Schnell mal ranfahren an den Counter, in einen Becher spucken und einen Moment warten. Und noch bevor man bei der Arbeit eintrifft wissen, ob man sich mit Corona infiziert hat oder nicht – das ist die Idee der Teststation, die am Bad Wörishofer Eisstadion nun errichtet wurde. Nachdem Bad Wörishofen trotz aller Bemühungen nicht Modellregion wurde und die Entscheidung dazu im Ministerium wohl immer noch aussteht, hat man sich in der Kneippstadt entschlossen, andere Wege zu beschreiten.

Nicht nur, dass mit Ullrich Dollinger von Ledonik-LED-Technik ein Betreiber der Teststation auf die Stadt zukam – mit dem Bad Wörishofer Dr. Frank Scholz, Deutschland-CEO bei visionet, ist zudem eine Firma am Start, die an der Digitalisierung der Abläufe arbeitet. Langfristig soll, so Tim Hentrich, Wirtschaftsförderer der Stadt, der Papierkram entfallen und die Getesteten mittels Smartphone-App zuerst einen Termin für den Test vereinbaren können und anschließend das Testergebnis, ohne vor Ort warten zu müssen, fälschungssicher auf das Smartphone zugeschickt bekommen. Damit könnten sich auch Schüler vor Unterrichtsbeginn testen lassen. So ließe sich auch ausschließen, so Bürgermeister Stefan Welzel, dass ein möglicherweise infiziertes Kind mit dem Schulbus unterwegs ist.

„Speichelprobe“

Beim Probelauf vergangene Woche überzeugten sich die Beteiligten von der Einrichtung und dem Ablauf des Testens. Dabei betonte Wirtschaftsförderer Hentrich, dass beim Spucktest eine „Speichelprobe“ über eine Mundspülung abgegeben werde. Diese funktioniere ebenso zuverlässig wie der Nasentest und sei genauso zertifiziert. Wie auch Hentrich knüpft Stefan Welzel große Hoffnungen an das Testzentrum, das modular erweiterbar ist, wenn es die Nachfrage erfordert.

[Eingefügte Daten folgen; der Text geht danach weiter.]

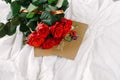 A bouquet of red roses, envelope with congratulation on a background of linen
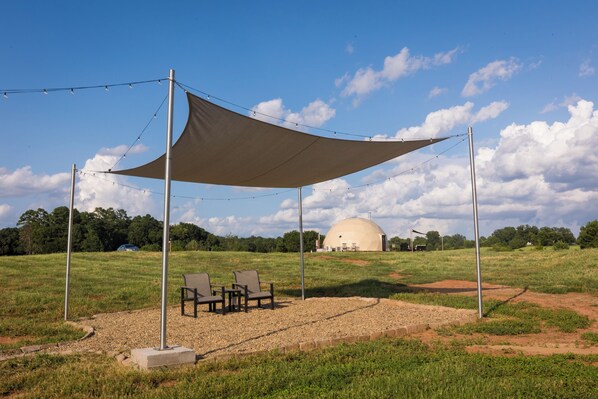 A tent-like structure with a table and chairs, a dome-shaped building in the background, and a grassy field.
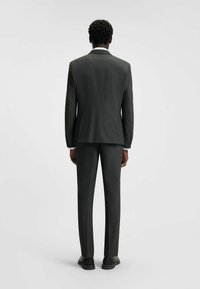 Dunkelgrauer Anzug mit subtiler Textur, maßgeschneidertem Design, einem Schlitz im Rücken und slim-fit Hosen. Schwarze Schuhe ergänzen das Outfit.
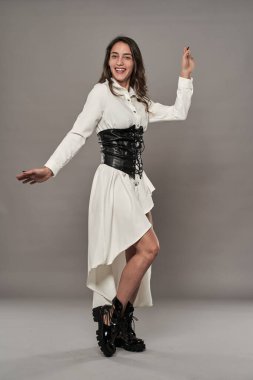 Beyaz elbiseli, çizmeli ve korseli İspanyol kadın manken.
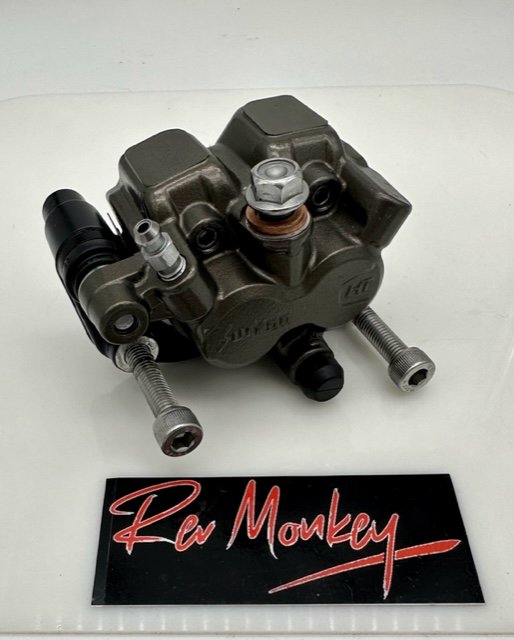 SURRON ULTRA BEE FRONT BRAKE CALIPER ASSEMBLY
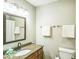 Bathroom features a granite countertop and a well-lit mirror at 6133 Buttonwood Dr, Noblesville, IN 46062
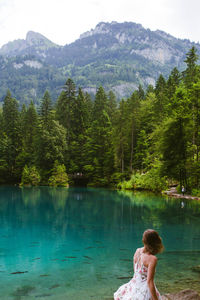 Rear view of woman standing by lake against mountain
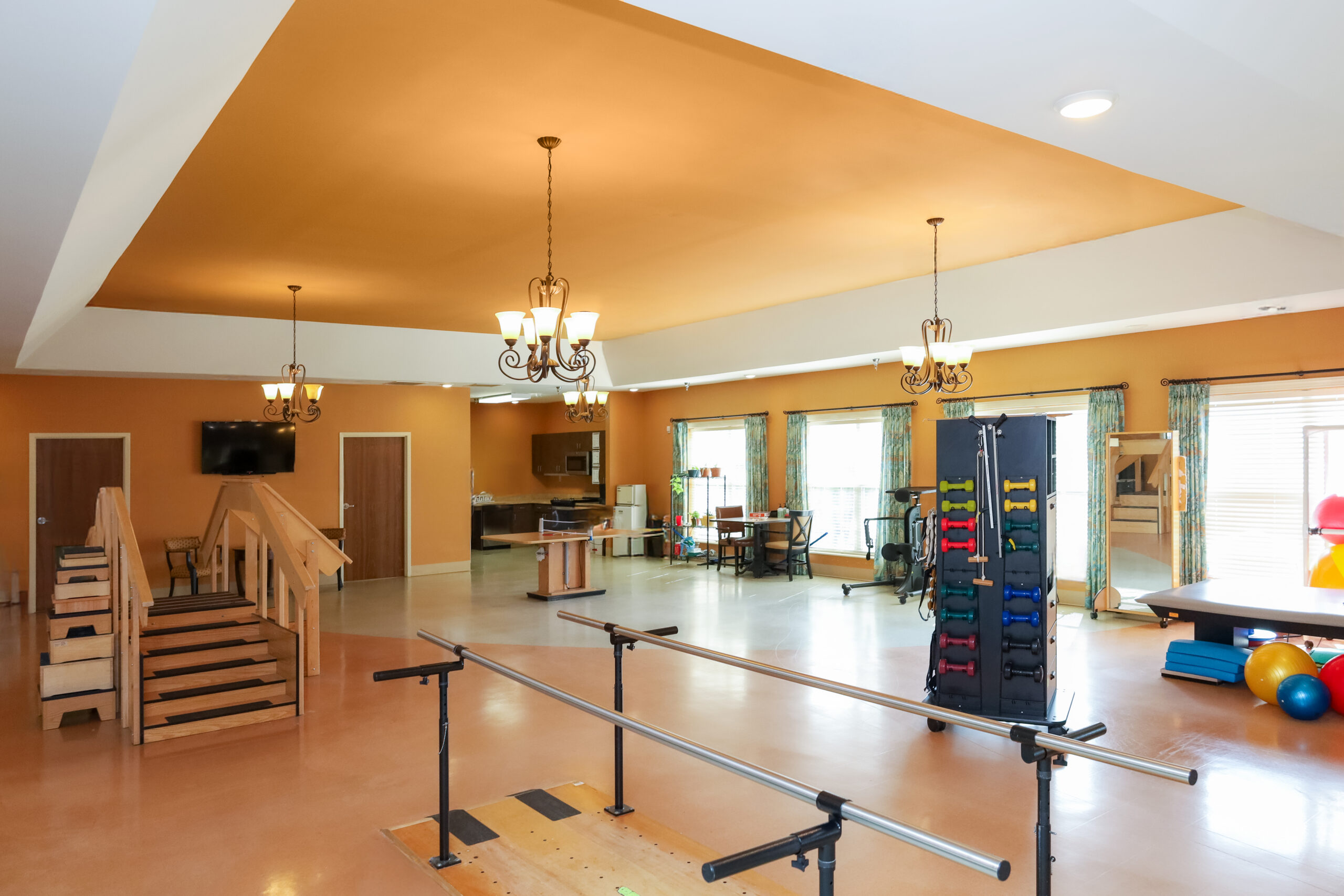 Skilled nurse providing comfort-focused care for a resident living with advanced illness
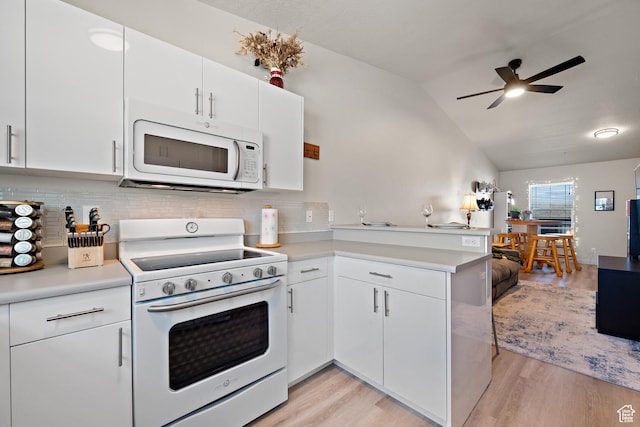 1026 N 1090 W Unit 402, Orem, UT 84057 - kitchen featuring white appliances, a peninsula, ceiling fan, tasteful backsplash, and light countertops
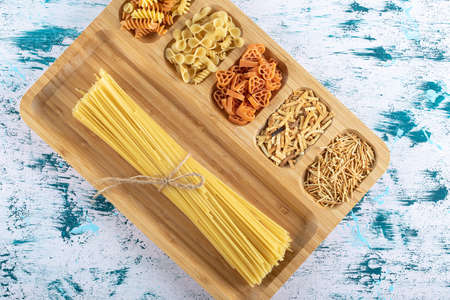 Assortment of uncooked pasta placed on wooden plateの写真素材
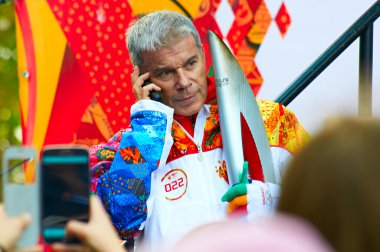 Russian singer, composer and poet Oleg Gazmanov participates in relay of Olympic Flame on October 29, 2013 in Svetlogorsk, Russia clipart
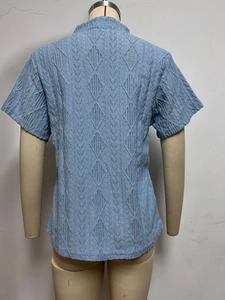 Macro detail of light blue short sleeve top with textured diamond knit pattern on back side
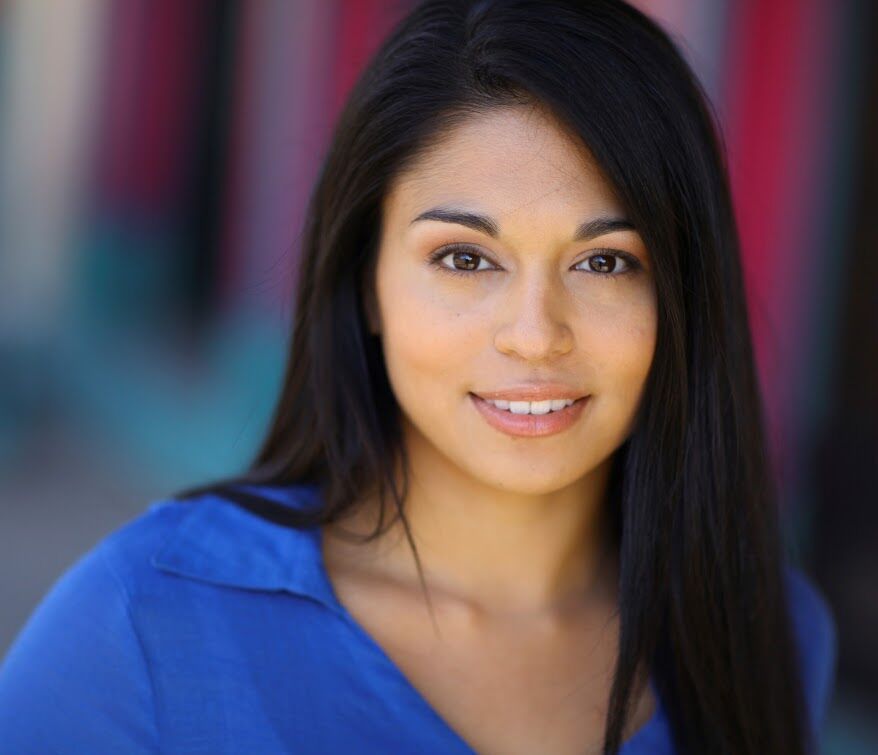 Portrait of a woman with long dark hair smiling gently.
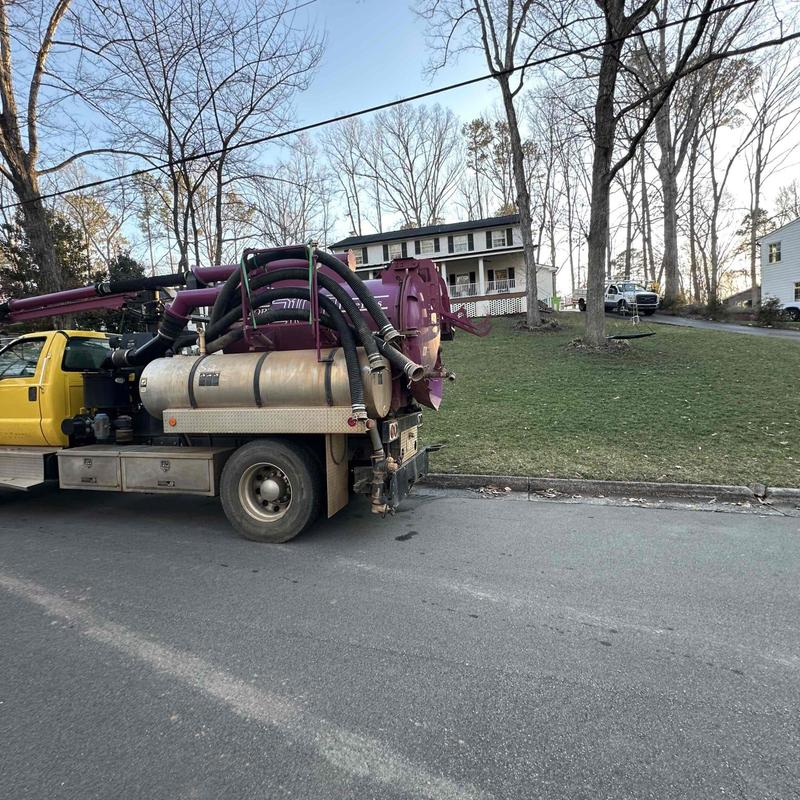 Vacuum truck parked by residential lawn, trees, houses Vacuum truck parked by residential lawn, trees, houses
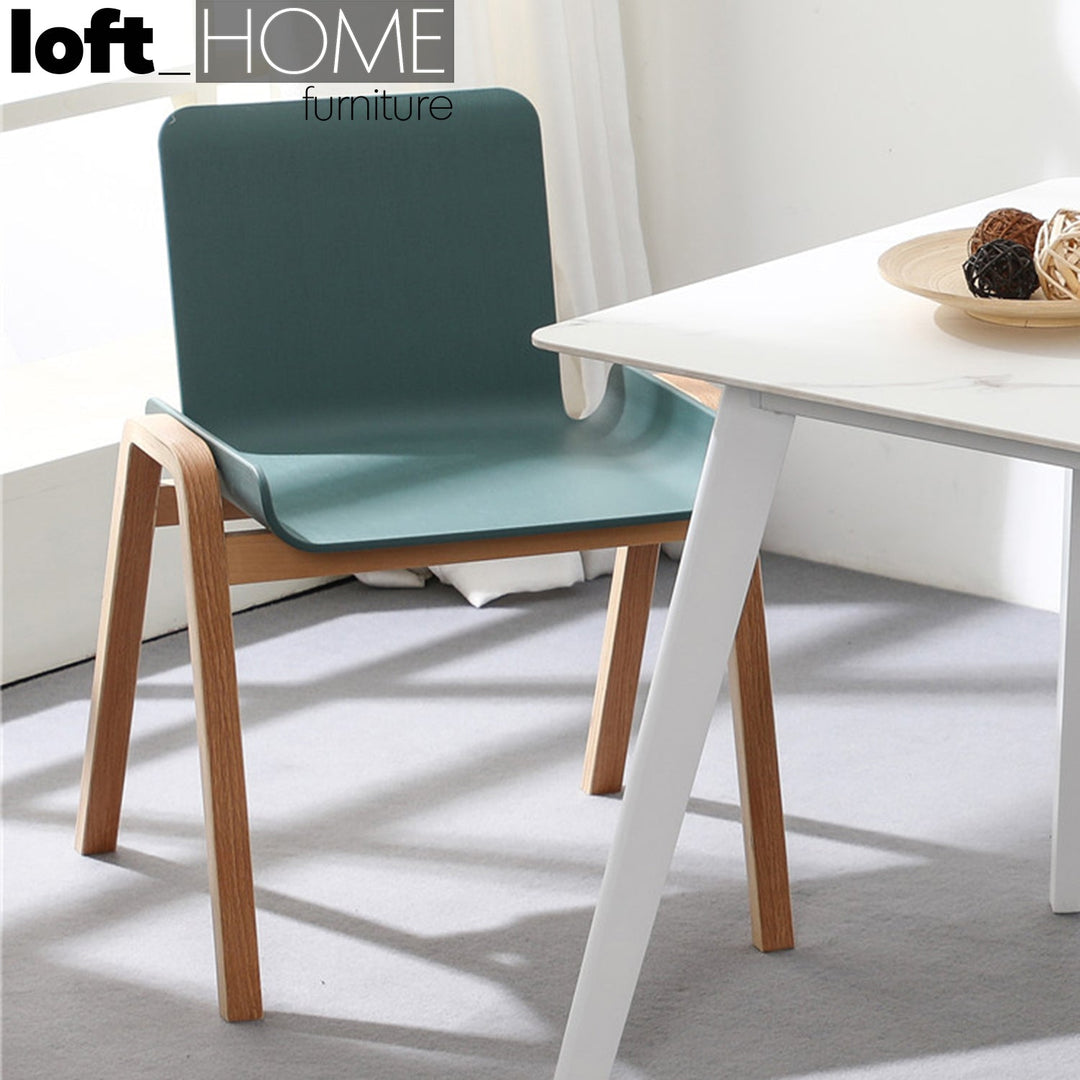 Scandinavian plastic dining chair larch in panoramic view.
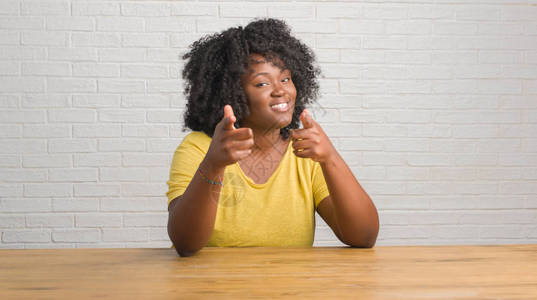 坐在桌上的年轻非洲女用快乐和有趣的面孔对着镜头指手脚图片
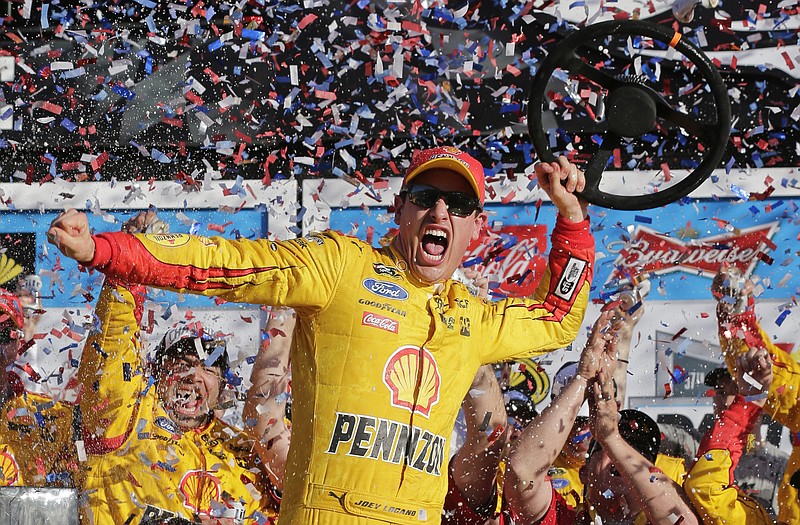 Joey Logano celebrates Sunday in Victory Lane after winning the Daytona 500 at Daytona International Speedway in Daytona Beach, Fla.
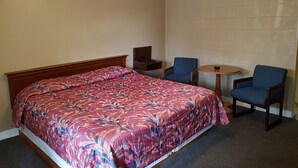 Habitación de hotel con cama, dos sillas, una mesita y un teléfono en la mesita de noche.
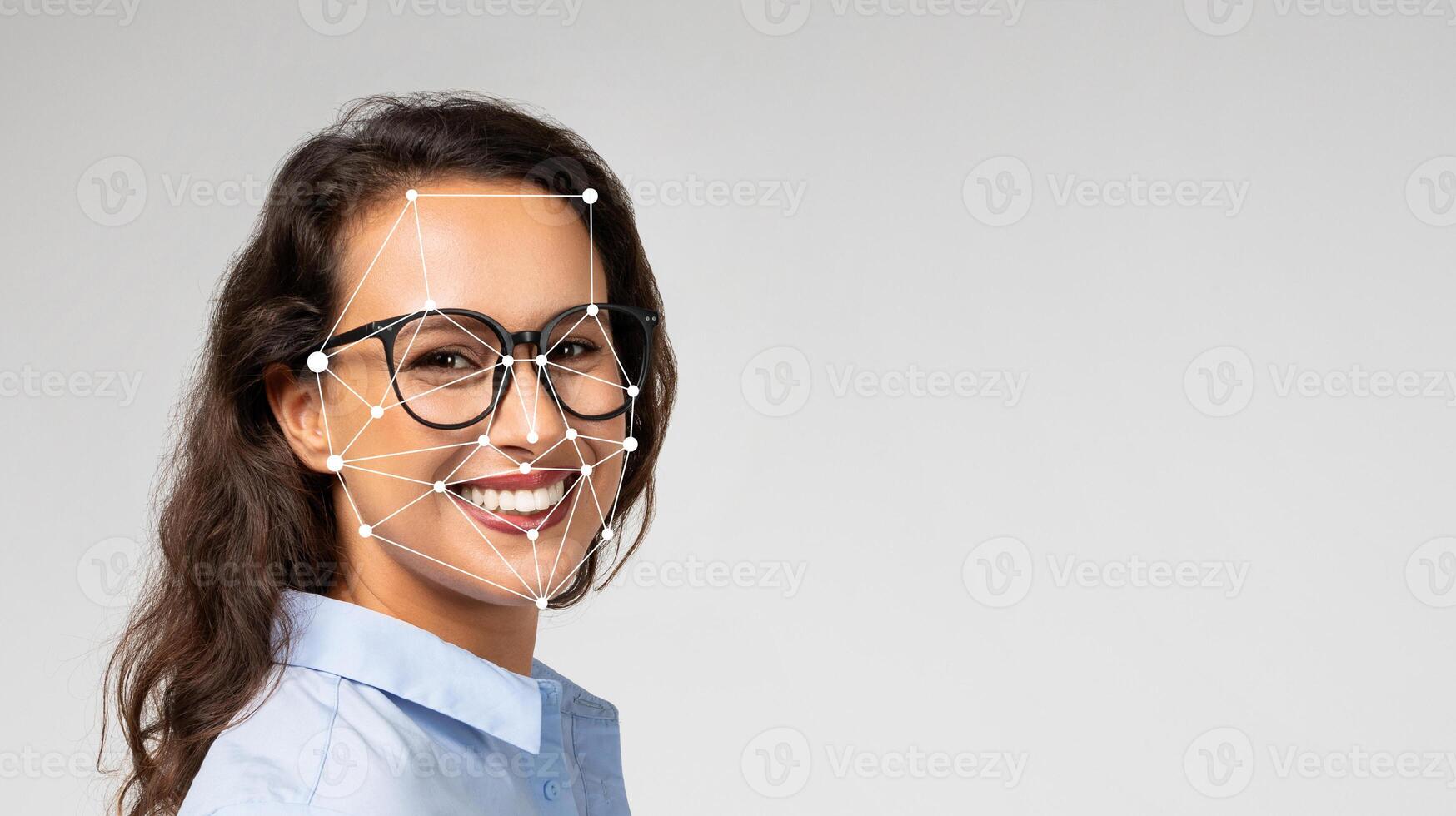 A woman with glasses is smiling while technology captures her facial features. She is in a well-lit studio, showcasing the advancement in facial recognition capabilities. photo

Zunächst soll unter der Woche von Montag bis Freitag von 8 Uhr morgens bis um 10 Uhr getestet werden (also vor der Arbeit) und am Nachmittag von 16 bis 18 Uhr. Derzeit sei man noch am Tüfteln für die Infrastruktur als solche, so Hentrich – etwa, was die Stromversorgung anbelangt. Und wie auch Stefan Welzel betont der Kämmerer die Bedeutung des Projektes, das „von Wörishofern für Wörishofer“ gedacht ist, ein Angebot an die Arbeitnehmer und Arbeitgeber in der Stadt. Laut Stadt ist für eine Testung zwingend eine telefonische Anmeldung erforderlich: Hierfür stehe die Telefonzentrale der Stadt Bad Wörishofen zu den Rathausöffnungszeiten unter Tel. 08247/969010 zur Verfügung.

Getestet werden, ohne aus dem Auto zu steigen

Abgerechnet werden die Tests mit der Kassenärztlichen Vereinigung Bayern (KBV). Während die Stadt die derzeit drei Buden als Anlaufpunkt für die Testwilligen zur Verfügung stellt, übernimmt die Firma Ledonik das Testen an sich und stellt das Personal. Auch seitens der Apotheken in der Innenstadt wird das Konzept begrüßt, lassen sich hier doch vor allem Menschen vor dem Einkauf testen. Mit dem Drive-Through – dabei kann man sich im Auto sitzend testen lassen und weiterfahren, ohne in Kontakt mit andren Menschen zu kommen – sollen vor allem die Arbeitnehmer angesprochen werden, die etwa ins Industrie- oder Gewerbegebiet im Norden der Kneippstadt fahren. Auch biete man damit der Therme ein Perspektive (mehr dazu hier), so Stefan Welzel, der derzeit mit den Unternehmern in der Stadt in Kontakt stehe. So könnten sich hier nicht nur die Mitarbeiter sondern auch die Thermenbesucher testen lassen.